As Christians around the world now prepare to celebrate Jesus’ birth, it is worth considering that much of the “common knowledge” about the babe in Bethlehem cannot be found in any scriptural authority, but is either a modern myth or based on Gospel accounts from outside the sacred bounds of Christian Scripture. Some obvious examples: nowhere does the Bible indicate what year Jesus came into the world, or that he was born on Dec. 25; it does not place an ox and an ass in his manger; it does not say that it was 3 (as opposed to 7 or 12) wise men who visited him.

So not only do most Christians believe things about Jesus and his birth which are not in their Bible, what’s actually contained within that Bible has more than a few holes:

For centuries scholars have recognized that the birth narratives of the New Testament are historically problematic. For one thing, the two accounts—the first two chapters of Matthew and the first two chapters of Luke—are strikingly different from one another, in ways that appear irreconcilable. To start with, they both give genealogies of Jesus’ father, Joseph (it’s an interesting question why they do so, since in neither account is Jesus a blood relative of Joseph), but they are different genealogies: he is said to have a different father, and grandfather, and great-grandfather, and so on. It is not that one is a genealogy of Mary and the other of Joseph. Both Gospel authors are crystal clear: they are giving Joseph’s genealogy. …

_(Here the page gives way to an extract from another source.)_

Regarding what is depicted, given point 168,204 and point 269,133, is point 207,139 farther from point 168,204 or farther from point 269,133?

Moreover, both accounts contain contradictions with the known facts of history. Just take Luke as an example. Only in this Gospel do Joseph and Mary make a trip from their home in Nazareth to Bethlehem in order to register for a census when “the whole world” had to be enrolled under Caesar Augustus. The whole world? Luke must mean “the whole Roman Empire.” But even that cannot be right, historically. We have good documentation about the reign of Caesar Augustus, and there never was a census of his entire empire. Let alone one in which people had to register in their ancestral home.

If one assumes — as most Christians do — that the gospels are “history,” in the sense of being a direct and accurate record of true historical events as they happened, this can, indeed, be troubling. But as Ehrman points out, this need not be the case:

The accounts of Jesus’ life in the New Testament have never been called “histories”; instead, they have always been known as ­“Gospels”—that is “proclamations of the good news.” These are books that meant to declare religious truths, not historical facts. For believers who think that truth must, necessarily, be based on history, that probably will not be good news at all. But for those with a broader vision, a more generous appreciation of ?literature, and a fuller sense of theological meaning, the story of the Christ-child and his appearance in the world can be founded not on what really did happen, but on what really does happen, in the lives of those who believe that ?stories such as these can convey a ?greater truth.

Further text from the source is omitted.